August 27: Tacitus on Nero 1

  1. How does Claudius promote Nero as his heir? 
  2. What role do the freedmen (Pallas, Narcissus, Callistus) have to play under Claudius according to Tacitus, and how does he feel about this?
  3. How is the first part of Nero’s reign intended to contrast with the end of Claudius’s?
  4. What are Nero’s actions on becoming emperor and how are they meant to shore up his legitimacy?
  5. Why does Nero kill Britannicus, and why is he able to get away with it so easily?
  6. What role do Seneca and Burrus have to play? Does Tacitus regard them as particularly effective?
  7. How does Tacitus give a theatrical quality to Nero’s reign? How does he depict Nero himself as an actor or director in this drama (as opposed to when Nero himself is playing an actor)? Watch out for explicit references to the stage.


August 31: Tacitus on Nero 2

  1. The Neronian books have several powerful female figures - Agrippina, Poppaea, Boudicca. How do they contrast with each other, and what do they show about the role of a woman in Roman life. How do other minor female figures (Octavia, Seneca’s wife) fit into this? How is Boudicca different as a non-Roman?
  2. How do non-Romans (ie, Britons) contrast with the Romans in Tacitus?
  3. What are Nero’s cultural pretensions and what does Tacitus think about them?
  4. What can we infer about Nero’s popularity in Rome and abroad from Tacitus? 
  5. Why do you think Tacitus emphasizes the particular crimes at 14.40ff? How does he use them to illuminate Nero’s reign?
  6. Why does the Pisonian conspiracy form? What sort of Romans are involved, and does Tacitus portray them positively or negatively?
  7. Why does Tacitus lavish so much attention on the death of Seneca and what does it show about Nero’s reign?
  8. How does Thrasea Paetus resist Nero, and what does Tacitus think about it?

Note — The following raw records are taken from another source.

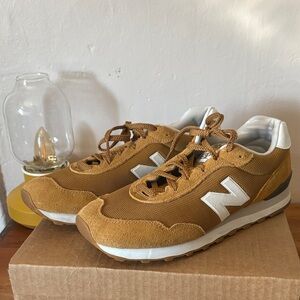 New Balance Men's Tan and White Sneakers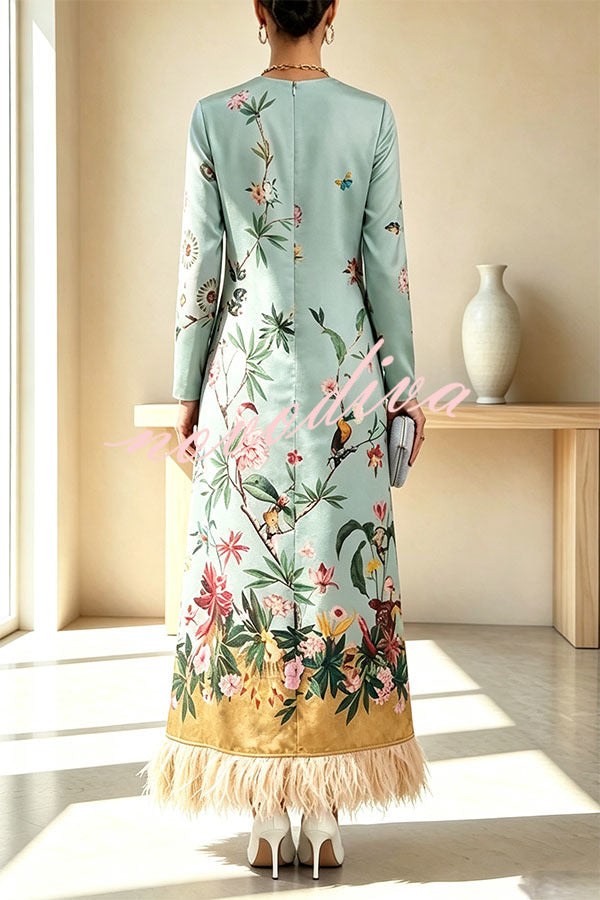 Vestido largo Cecilia de satén con estampado barroco multicolor, manga larga y ribete de plumas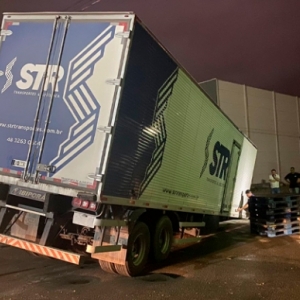 Carreta desengata de “cavalo” e fica caída sobre rua de Tijucas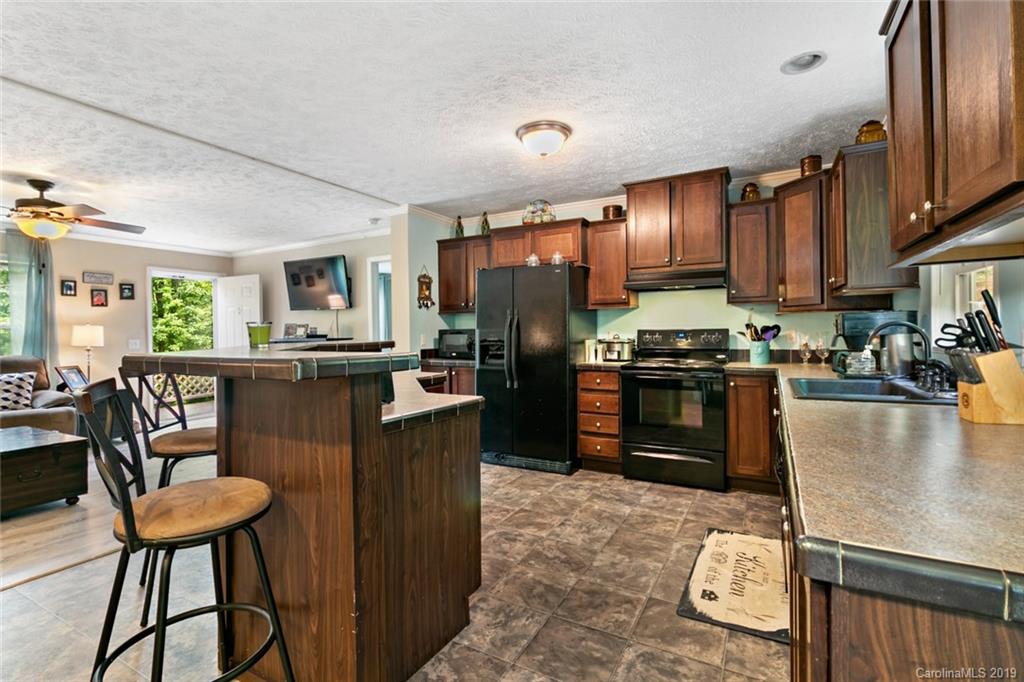 1579 Old Fort Road Fairview, NC 28730 - Photo 13 of 40 Gallery Image 13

What does Tacitus seem to think is the proper role for a senator under a bad emperor?


September 5: Suetonius on Nero

  1. Why does Suetonius go into such detail about Nero’s ancestry on his father’s side? What does this show about how Suetonius understands a person’s character?
  2. Suetonius thinks Nero probably started the fire, Tacitus does not. What does this show about how the two authors understand Nero, and also about their use of sources? Who do you believe and why?
  3. What does Suetonius think about Nero’s cultural pretensions? What information about them does he give that Tacitus does not?
  4. In antiquity, the manner of a person’s death was often thought to show a great deal about who they were. How does Suetonius depict Nero’s death?
  5. Suetonius says that people were leaving flowers and performing other acts in support of Nero long after he died. Why might this be? Reading between the lines of both authors, are there reasons that Nero might have been more popular with some classes than they let on?
  6. Overall, how does Suetonius’s attitude towards Nero differ from Tacitus?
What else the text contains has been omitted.